Is it really as bad as some say? People are not changing default passwords and thus hackers control their machines if remote access is enabled in some way.
i think it is VERY BAD – as people are really looking for ways to make bad decisions:
My apologies to this person who maybe innocently was trying to make some administration easier for him, but the lack of security knowledge is apparent. One should NOT even think of creating a scenario where there is a blank password on a machine (ever – even worse for remote access).
If this machine was connected to a Credit Card Machine now you are in PCI compliance violation.
Ok, we know not to have default or blank passwords…
Or is it that people don’t need to change the default password as the system is not remote accessible?
Even then the default password should be changed, because physical access needs to thought of, and is not 100% foolproof.
Or is it that people think the system is not remote accessible but it really is in some way?

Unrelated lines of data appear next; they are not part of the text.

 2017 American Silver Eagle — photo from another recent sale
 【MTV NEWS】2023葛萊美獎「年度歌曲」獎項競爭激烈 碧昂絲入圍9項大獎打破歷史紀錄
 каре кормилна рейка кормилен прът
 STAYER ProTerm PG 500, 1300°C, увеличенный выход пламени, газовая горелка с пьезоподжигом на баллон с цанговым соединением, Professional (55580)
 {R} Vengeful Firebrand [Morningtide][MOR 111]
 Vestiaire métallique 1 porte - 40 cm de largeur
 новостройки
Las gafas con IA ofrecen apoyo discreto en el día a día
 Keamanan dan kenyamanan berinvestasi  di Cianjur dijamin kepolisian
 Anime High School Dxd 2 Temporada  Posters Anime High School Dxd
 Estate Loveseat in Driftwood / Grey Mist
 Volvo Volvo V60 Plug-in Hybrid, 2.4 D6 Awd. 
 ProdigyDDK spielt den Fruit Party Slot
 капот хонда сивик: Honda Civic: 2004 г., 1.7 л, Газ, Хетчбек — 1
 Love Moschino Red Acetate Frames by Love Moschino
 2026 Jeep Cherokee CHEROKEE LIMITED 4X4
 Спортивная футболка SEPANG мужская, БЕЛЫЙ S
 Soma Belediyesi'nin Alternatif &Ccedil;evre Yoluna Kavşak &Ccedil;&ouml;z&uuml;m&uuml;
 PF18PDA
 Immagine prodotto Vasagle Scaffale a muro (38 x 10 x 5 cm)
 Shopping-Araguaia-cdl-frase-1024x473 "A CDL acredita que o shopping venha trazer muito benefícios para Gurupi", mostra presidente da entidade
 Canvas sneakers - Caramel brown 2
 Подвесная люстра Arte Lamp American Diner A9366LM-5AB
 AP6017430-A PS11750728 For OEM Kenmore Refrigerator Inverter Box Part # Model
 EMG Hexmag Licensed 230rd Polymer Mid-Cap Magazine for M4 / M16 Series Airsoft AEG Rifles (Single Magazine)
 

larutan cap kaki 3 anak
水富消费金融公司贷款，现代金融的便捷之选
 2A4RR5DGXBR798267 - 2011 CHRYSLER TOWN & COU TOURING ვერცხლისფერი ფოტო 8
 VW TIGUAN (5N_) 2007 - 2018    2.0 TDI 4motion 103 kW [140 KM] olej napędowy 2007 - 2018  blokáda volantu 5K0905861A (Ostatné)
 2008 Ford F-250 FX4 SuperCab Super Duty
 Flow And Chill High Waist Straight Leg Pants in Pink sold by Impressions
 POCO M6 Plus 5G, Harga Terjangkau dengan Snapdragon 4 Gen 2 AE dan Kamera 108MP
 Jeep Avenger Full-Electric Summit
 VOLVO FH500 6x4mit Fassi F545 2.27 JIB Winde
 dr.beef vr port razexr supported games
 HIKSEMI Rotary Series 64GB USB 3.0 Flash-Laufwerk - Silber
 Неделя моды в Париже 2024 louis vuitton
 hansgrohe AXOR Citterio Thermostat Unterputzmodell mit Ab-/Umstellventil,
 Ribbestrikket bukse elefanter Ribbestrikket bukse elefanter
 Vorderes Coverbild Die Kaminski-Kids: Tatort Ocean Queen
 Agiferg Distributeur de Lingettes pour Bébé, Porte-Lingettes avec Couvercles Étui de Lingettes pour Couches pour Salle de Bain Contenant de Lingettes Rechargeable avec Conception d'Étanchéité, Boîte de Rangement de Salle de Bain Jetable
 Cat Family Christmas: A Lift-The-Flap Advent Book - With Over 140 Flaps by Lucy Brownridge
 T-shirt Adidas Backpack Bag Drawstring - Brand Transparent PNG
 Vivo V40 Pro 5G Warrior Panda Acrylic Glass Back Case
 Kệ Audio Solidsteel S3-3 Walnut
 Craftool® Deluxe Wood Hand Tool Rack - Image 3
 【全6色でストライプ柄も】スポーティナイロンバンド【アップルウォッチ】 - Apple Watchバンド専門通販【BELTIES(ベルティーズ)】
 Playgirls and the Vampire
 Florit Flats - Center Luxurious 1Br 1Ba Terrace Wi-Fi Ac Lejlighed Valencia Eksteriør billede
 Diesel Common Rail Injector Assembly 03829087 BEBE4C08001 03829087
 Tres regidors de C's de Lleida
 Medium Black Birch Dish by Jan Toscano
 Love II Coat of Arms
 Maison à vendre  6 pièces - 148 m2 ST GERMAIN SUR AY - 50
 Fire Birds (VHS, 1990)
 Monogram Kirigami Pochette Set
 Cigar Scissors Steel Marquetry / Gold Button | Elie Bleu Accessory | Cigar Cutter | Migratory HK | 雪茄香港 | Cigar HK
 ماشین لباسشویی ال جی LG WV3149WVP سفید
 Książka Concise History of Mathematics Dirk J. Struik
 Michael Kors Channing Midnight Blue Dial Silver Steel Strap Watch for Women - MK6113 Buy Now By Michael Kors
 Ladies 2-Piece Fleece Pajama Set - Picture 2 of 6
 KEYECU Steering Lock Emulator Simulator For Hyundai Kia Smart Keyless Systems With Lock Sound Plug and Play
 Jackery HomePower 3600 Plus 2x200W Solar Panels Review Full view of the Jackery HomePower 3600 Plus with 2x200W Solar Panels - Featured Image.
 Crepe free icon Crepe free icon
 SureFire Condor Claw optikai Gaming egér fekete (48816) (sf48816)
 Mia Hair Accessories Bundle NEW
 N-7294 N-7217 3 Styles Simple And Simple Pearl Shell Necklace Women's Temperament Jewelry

The last scenario may be likely if the level of sophistication is not good.
And the hackers are looking for these machines as a post from last year notes the Verizon data breach Investigations Report http://oversitesentry.com/why-are-there-cyber-security-issues/
Mentions that Remote Command Execution was found on scanned machines more than at other times.
Human error is one of the main reasons for security failures. in 2014 IBM ‘s Cyber Security Intelligence index notes “95% of all security incidents involve human error”
So how does a stakeholder (the board, CEO, exec team) make sure that human error is minimized (as it will likely never be 100% gone). It is to obvious to most: Bring in outside help to get a second or third opinion, and perform tests to see where human error can be minimized. The CISA (Certified Information Systems auditor) would review the potential risks and set up an audit to methodically find security issues.